An example of the driver of the plasma display panel of the present invention includes the energy recovery circuit which supplies the energy to the panel Cp and collects the energy from the panel Cp. The energy recovery circuit includes a common energy storage 400, a common inductor part 410, an energy recovery controller 420, a first energy controller 430, a second energy controller 440, a first pulse controller 450 and a second pulse controller 460.

The common energy storage 400 includes a capacitor Cs for supplying and collecting energy in which the energy for the sustain discharge is stored. One end of the capacitor Cs for supplying and collecting energy is connected to the ground GND and the other end is connected to one end of the energy recovery controller 420. It is preferable that the capacity of capacitor Css for supplying and collecting energy is Vs/2.

Moreover, in the plasma display apparatus of the present invention, the capacitor Cs of the energy storage 400 is commonly used for the scan electrode Y and sustain electrode Z. Hence, when the scan electrode Y is driven, the energy of the panel Cp is collected and supplied through the scan electrode Y. When the sustain electrode Z is driven, the energy of the panel Cp is collected and supplied through the sustain electrode Z.

The energy recovery controller 420 includes the ER DN switching element. One end of the ER DN switching element is connected to the common energy storage 400, while the other end is connected to the other end of the common inductor part. Moreover, when the ER DN switching element is turned on, the voltage component of the reactive power is collected in the capacitor Cs for supplying and collecting energy of the common energy storage 400 on the sustain discharge.

In this case, in the plasma display apparatus of the present invention, the ER DN switching element of the energy recovery controller 420 is commonly used for the scan electrode Y and sustain electrode Z. Hence, when the scan electrode Y is driven, the energy of the panel Cp is collected through the scan electrode Y, while, when the sustain electrode Z is driven, the energy of the panel Cp is collected through the sustain electrode Z.

Moreover, in the plasma display apparatus of the present invention, the energy recovery controller 420 can rectify the current flowing from the capacitor Cs towards the panel Cp via the energy recovery controller 420 through the intrinsic diode of the ER DN switching element, without any additional diode for rectifying. Moreover, when the ER DN switching element is the field effect transistor FET device, a diode may be inserted between the drain and source to perform rectifying action.

As to the common inductor part 410, one end is commonly connected the other end of the first energy controller 430 and the other end of the second energy controller 440, while the other end is connected to the other end of the energy recovery controller 420. As a result, the common inductor part 410 and the panel Cp form a series LC resonance circuit._Therefore, when the energy stored in the common energy storage 400 is supplied to the panel Cp by the first energy controller 430 or the second energy controller 440, the panel Cp is charged with the resonance wave form supplied via the common inductor part 410 till the sustain voltage Vs. Moreover, when the energy of the panel Cp is collected to the common energy storage 400, the reactive power recovery path is formed as Z ER DN switching element of the energy recovery controller 420 is turned on. Therefore, the common energy storage 400 is charged with the energy with the voltage component of the reactive power collected via the common inductor part 410.
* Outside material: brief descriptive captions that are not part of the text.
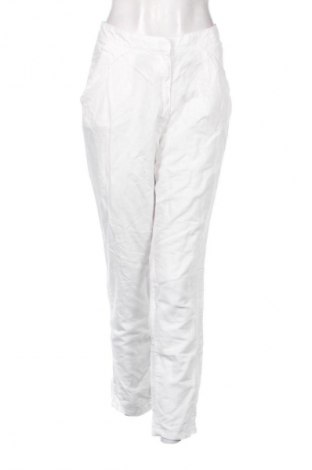 Dámské kalhoty  H&M, Velikost M, Barva Bílá, Cena  279,00 Kč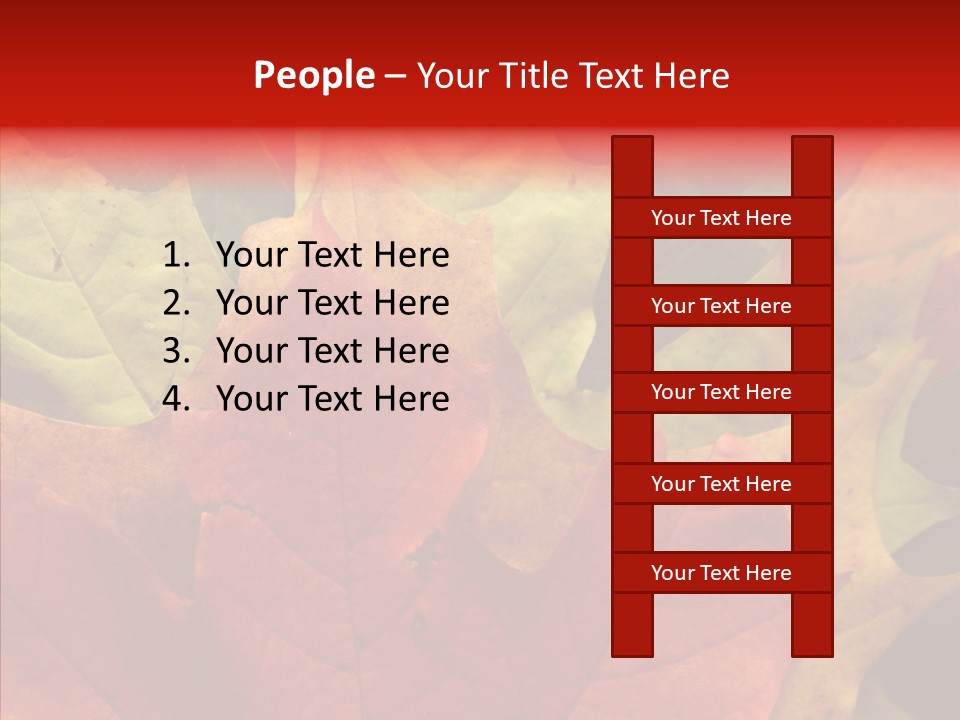 Maple Fall Multilayer PowerPoint Template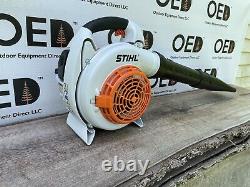 Stihl BG86 Commercial HandHeld Gas Leaf Blower USED ONCE / 27cc SHIPS FAST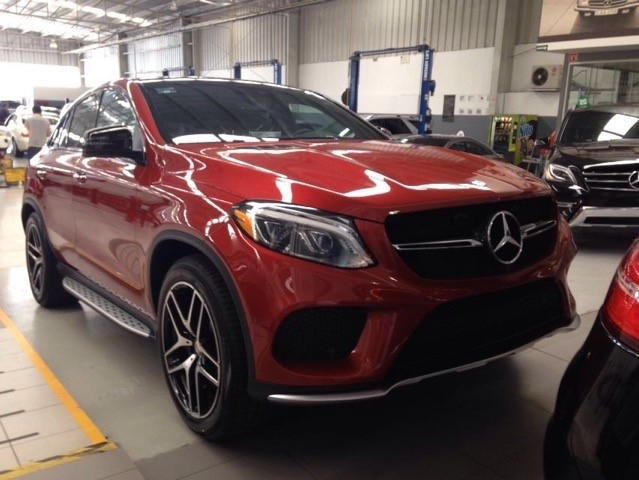 Mercedes Benz GLE 450 AMG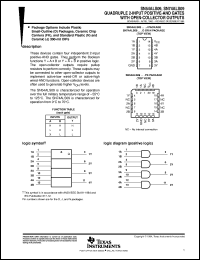 SN74ALS09D datasheet:  QUADRUPLE 2-INPUT POSITIVE-AND GATES WITH OPEN-COLLECTOR OUTPUTS SN74ALS09D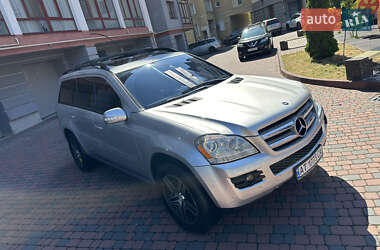 Внедорожник / Кроссовер Mercedes-Benz GL-Class 2008 в 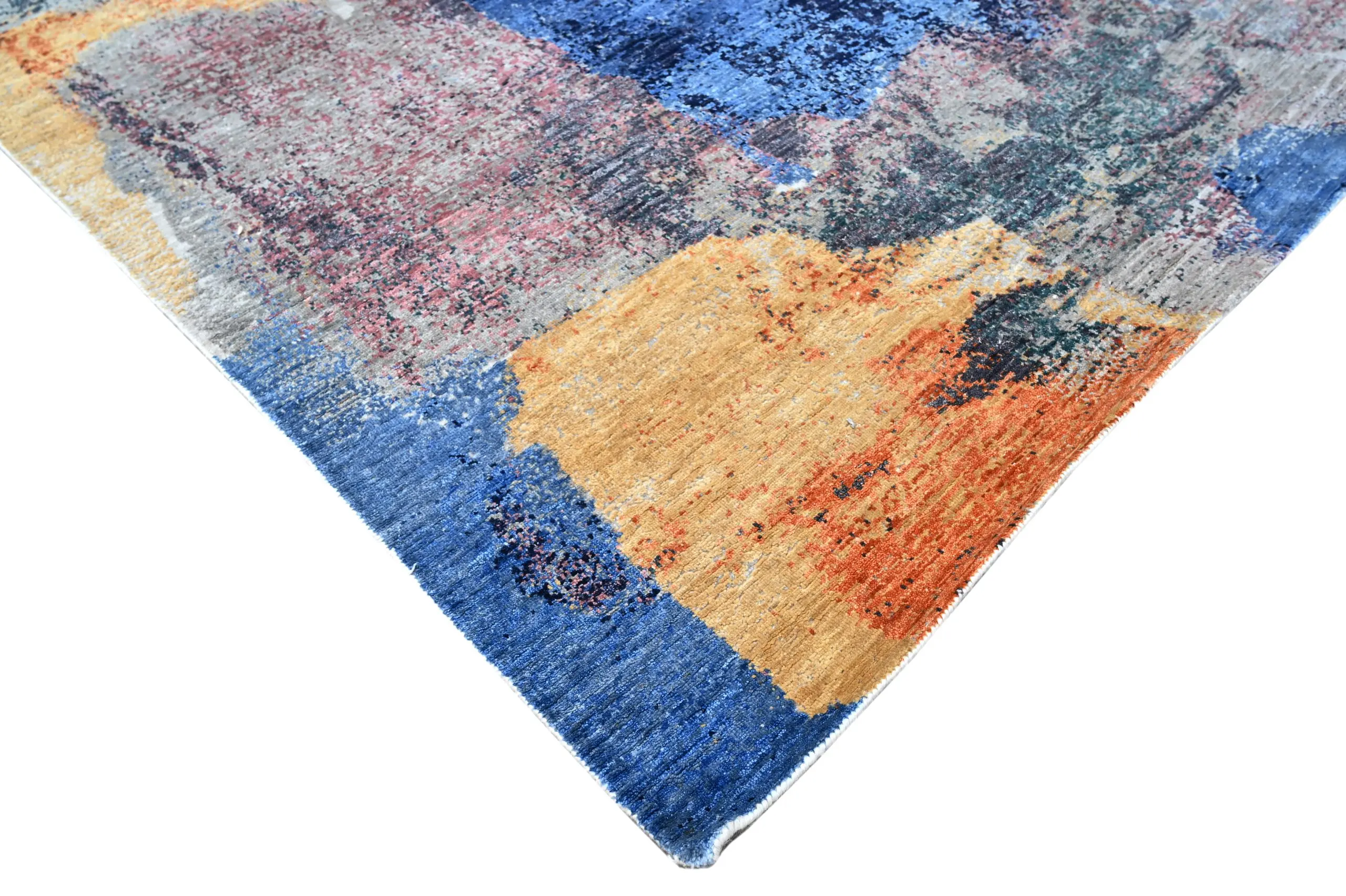 wool and silk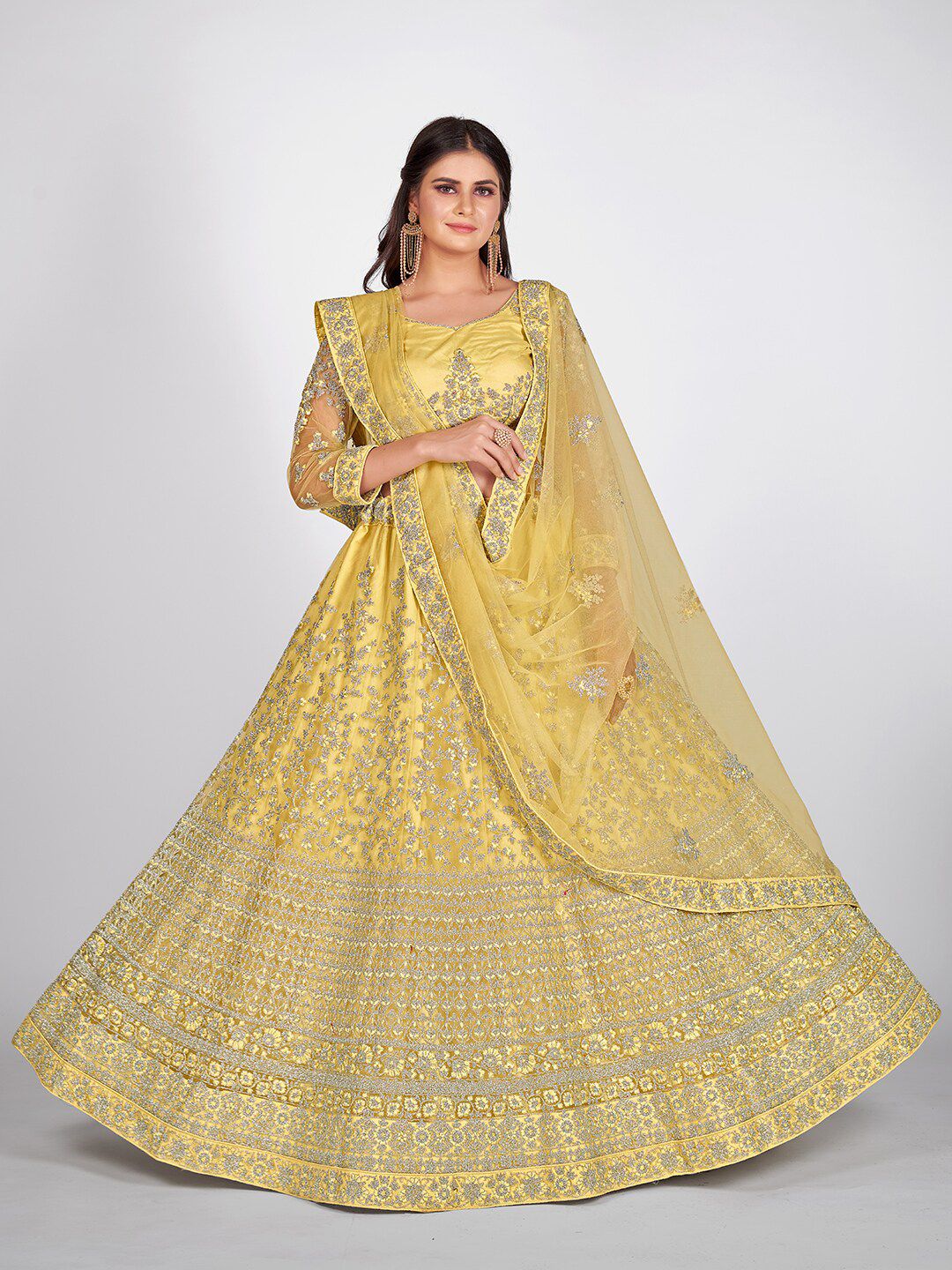 SHOPGARB Women Yellow Price in India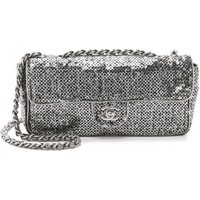 What Goes Around Comes Around Chanel Sequin Half Flap Bag (Previously Owned) photo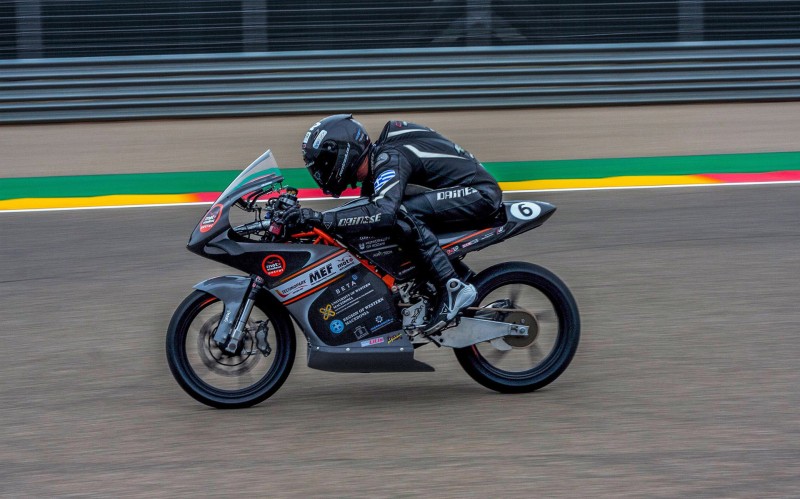 Η Tyφoon MotoRacing ετοιμάζεται για τον παγκόσμιο διαγωνισμό MotoStudent VI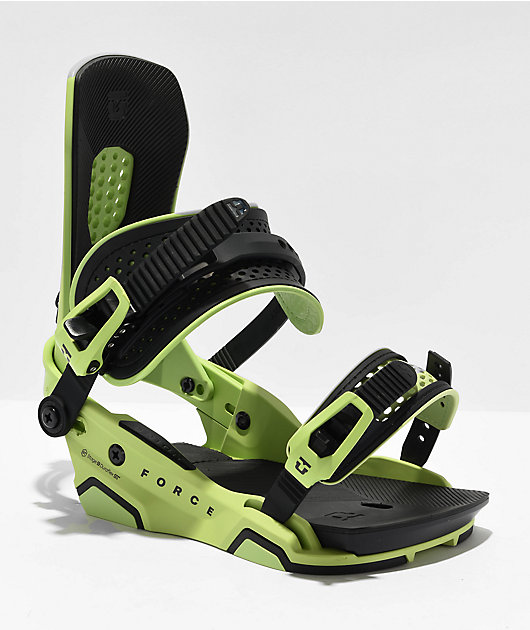 Union Force Green Snowboard Bindings 2024 | Zumiez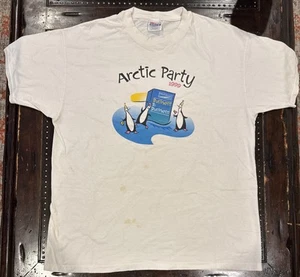 Bell Atlantic Business to Business ARCTIC PARTY 1999 Vintage Hanes Beefy T-Shirt: XL - Bild 1 von 11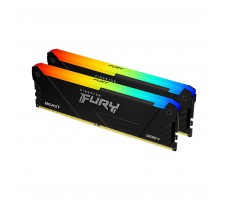 Kingston Technology FURY Beast RGB minnemodul 16 GB 2 x 8 GB DDR4 1800 MHz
The common inductor part 410 is commonly used for the scan electrode Y and the sustain electrode Z like the common energy storage 400 and the energy recovery controller 420.

The first energy controller 430 includes Y ER UP switching element. One end of the Y ER UP switching element is commonly connected to the scan electrode Y, a first sustain voltage application part 451 and a first GND supply control part 452 of the first pulse controller 450, while the other end of the Y ER UP switching element is commonly connected to one end of the common inductor part 410 and to the other end of the second energy controller 440. Y ER UP switching element is turned on when the scan electrode Y is driven, supplying the energy stored in the capacitor Cs of the common energy storage 400 to the panel Cp through the scan electrode Y.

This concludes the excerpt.